Trade News > Air Cargo > Lufthansa Cargo Eyes 2010 Profit

Lufthansa Cargo Eyes 2010 Profit

The Journal of Commerce Online - News Story
Airline to re-activate two idled freighters as cargo volume rises

Lufthansa Cargo could return to operating profit in 2010 after a record loss in 2009 if the steep increase in freight volume in the opening months continues through the year, the airline said.

Europe’s largest air cargo airline also said it will suspend short time work for ground staff during April and May and will end it permanently in September “should the upturn continue.” Short time work was introduced in March 2009.

“Ongoing market developments are giving rise to a degree of optimism for 2010,” said Lufthansa Cargo chairman and CEO Carsten Spohr.

“The crisis has bottomed out and demand is rising steeply. We are experiencing a marked upswing, especially in Asia,” Spohr said.

Earlier in the month when it announced a record $234 million operating loss in 2009, Lufthansa Cargo had said it was aiming to return to profit by 2011 at the latest.

“If the dynamics of the market continue, then we could already reach that target in 2010,” Spohr said at the company’s annual press conference.

Lufthansa carried 9 percent more cargo in February than a year ago following an 18.6 percent year-on-year increase in January.

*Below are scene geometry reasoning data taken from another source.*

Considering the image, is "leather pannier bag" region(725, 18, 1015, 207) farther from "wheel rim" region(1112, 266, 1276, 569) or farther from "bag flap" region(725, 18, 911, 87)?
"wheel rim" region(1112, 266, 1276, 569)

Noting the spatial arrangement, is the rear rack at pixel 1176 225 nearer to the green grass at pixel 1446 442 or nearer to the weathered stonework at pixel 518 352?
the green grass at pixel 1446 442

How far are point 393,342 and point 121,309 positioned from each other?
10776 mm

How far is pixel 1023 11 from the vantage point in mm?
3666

Lufthansa Cargo said it is preparing to re-activate two of its four idled MD-11 freighters in response to growing cargo demand and can bring back the other two at short notice.

“Our goal is to eventually fly with a full fleet of 19 [MD-11] planes again,” Spohr said.

The carrier stressed it would continue to pursue cost savings.” Discontinuation of short time [work] does not mean that the company is abandoning its rigorous savings policy,” said Peter Gerber, Board member Finance and Human Resources.

“The air freight industry has lost four years of growth in the crisis. Cost discipline will, therefore, remain essential for success in the present year,” Gerber said.

Lufthansa Cargo plans to cut unit costs by 10 percent by trimming its payroll and improving processes, Gerber said.

“At the same time, Lufthansa Cargo will be seeking to raise earnings by a minimum of 20 percent,” he added.

The airline recently announced it will cut its worldwide staff by 10 percent, or some 450 jobs.